Dear Dan, I read your post about praying at the speed of light. I agree, however, one of the commentators seems to be attempting to dull the point that we must be attentive when we pray for it to be real prayer? They said that it is only our intent that matters. If our intent is all that matters, then what if we regularly intend to pray and be attentive to God but never or rarely are, in fact, attentive to God. Is this really prayer? I understand that God is a God of mercy and that he does take these things into account (our intent) and helps us but it seems to me that we should work hard to be attentive and to love him in practice, not just in our intent. If our intent doesn’t result in a change in our practice, then our intent is suspect – at least in my mind. What do you think?

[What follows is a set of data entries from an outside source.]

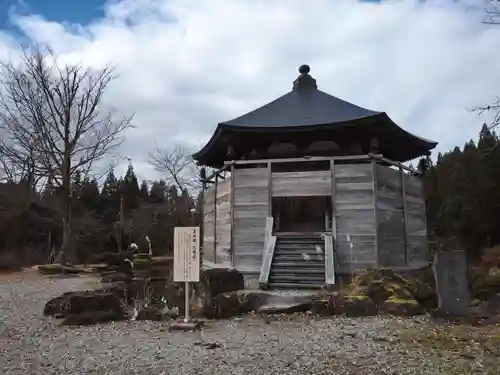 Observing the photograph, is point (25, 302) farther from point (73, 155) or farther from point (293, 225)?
point (73, 155)

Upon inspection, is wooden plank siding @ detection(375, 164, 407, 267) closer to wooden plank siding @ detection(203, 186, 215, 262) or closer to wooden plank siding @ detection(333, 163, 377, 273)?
wooden plank siding @ detection(333, 163, 377, 273)

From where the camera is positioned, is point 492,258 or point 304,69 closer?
point 304,69

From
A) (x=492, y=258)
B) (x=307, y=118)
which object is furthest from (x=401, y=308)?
(x=492, y=258)

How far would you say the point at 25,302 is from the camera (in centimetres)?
966

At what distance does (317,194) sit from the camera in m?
11.3

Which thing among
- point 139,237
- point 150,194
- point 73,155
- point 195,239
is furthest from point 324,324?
point 150,194

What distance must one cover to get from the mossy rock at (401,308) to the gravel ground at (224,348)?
0.38m

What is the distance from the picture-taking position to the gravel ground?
4.47 m

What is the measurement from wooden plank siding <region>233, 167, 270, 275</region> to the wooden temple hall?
0.08ft

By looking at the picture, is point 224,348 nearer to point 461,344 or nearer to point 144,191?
point 461,344

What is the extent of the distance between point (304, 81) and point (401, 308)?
9.54m

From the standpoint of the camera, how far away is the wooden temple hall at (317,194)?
10.8 metres

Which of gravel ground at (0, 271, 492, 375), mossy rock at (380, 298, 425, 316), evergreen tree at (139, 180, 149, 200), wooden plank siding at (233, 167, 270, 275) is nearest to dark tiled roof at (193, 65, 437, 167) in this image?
wooden plank siding at (233, 167, 270, 275)

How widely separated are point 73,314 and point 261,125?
22.6 ft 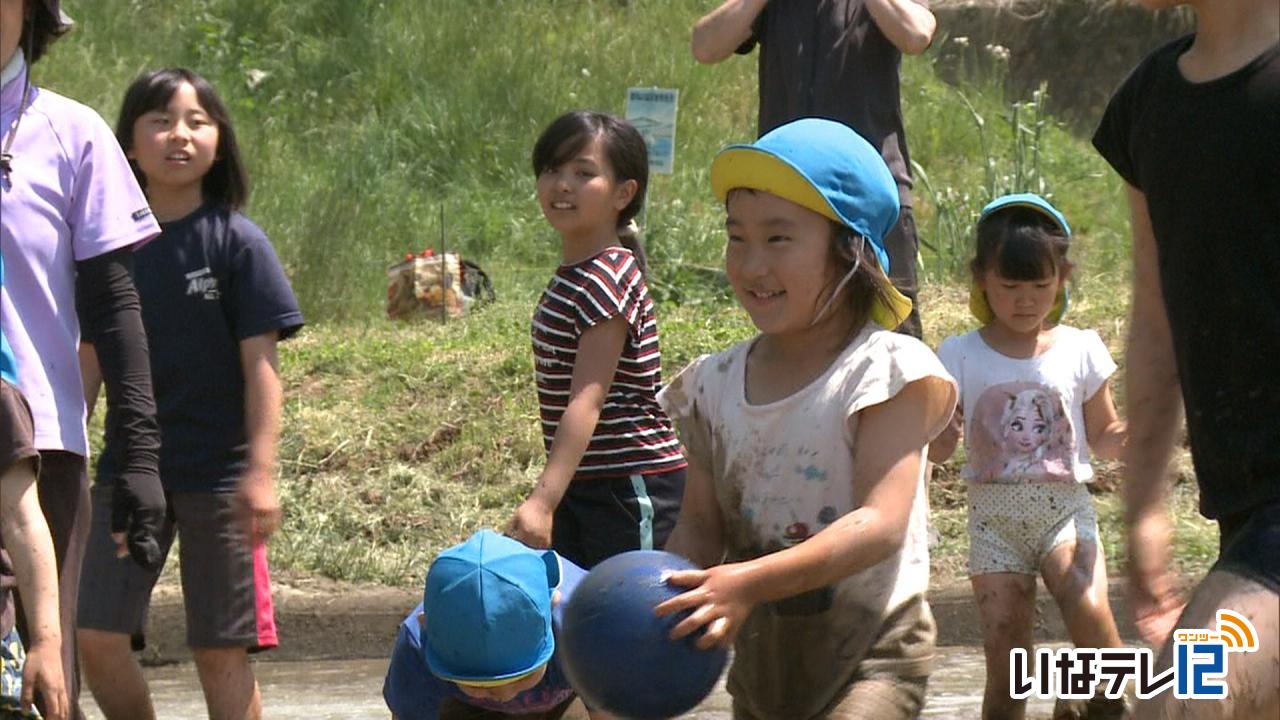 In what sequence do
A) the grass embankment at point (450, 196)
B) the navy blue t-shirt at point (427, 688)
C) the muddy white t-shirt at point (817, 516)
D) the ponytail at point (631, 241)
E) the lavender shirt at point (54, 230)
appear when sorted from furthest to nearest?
the grass embankment at point (450, 196), the ponytail at point (631, 241), the navy blue t-shirt at point (427, 688), the lavender shirt at point (54, 230), the muddy white t-shirt at point (817, 516)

Great question! Why don’t we let St. Teresa of Avila answer this for us? She was designated as a Doctor of the Church because of her profound life of holiness and her teachings on prayer and the interior life. What she has to say about this is very simple and straightforward:
Since vocal prayer is prayer, it must be accompanied by reflection. A prayer in which a person is not aware of whom he is speaking to, what he is asking, who it is who is asking and of whom, I do not call prayer; however much the lips move. Sometimes it will be so without this reflection provided that the soul has these reflections at other times. Nonetheless, anyone who has the habit of speaking before God’s majesty as though he were speaking to a slave, without being careful to see how he is speaking, but saying whatever comes to his head and whatever he has learned from saying at others times, in my opinion is not praying. Please God, may no Christian pray in this way. (Interior Castle 1:1)
Jesus also made a distinction between prayer that is not really prayer and worship that is not really worship, etc. We need to be careful not to seek to transform the “narrow path to life,” into a wide path to destruction.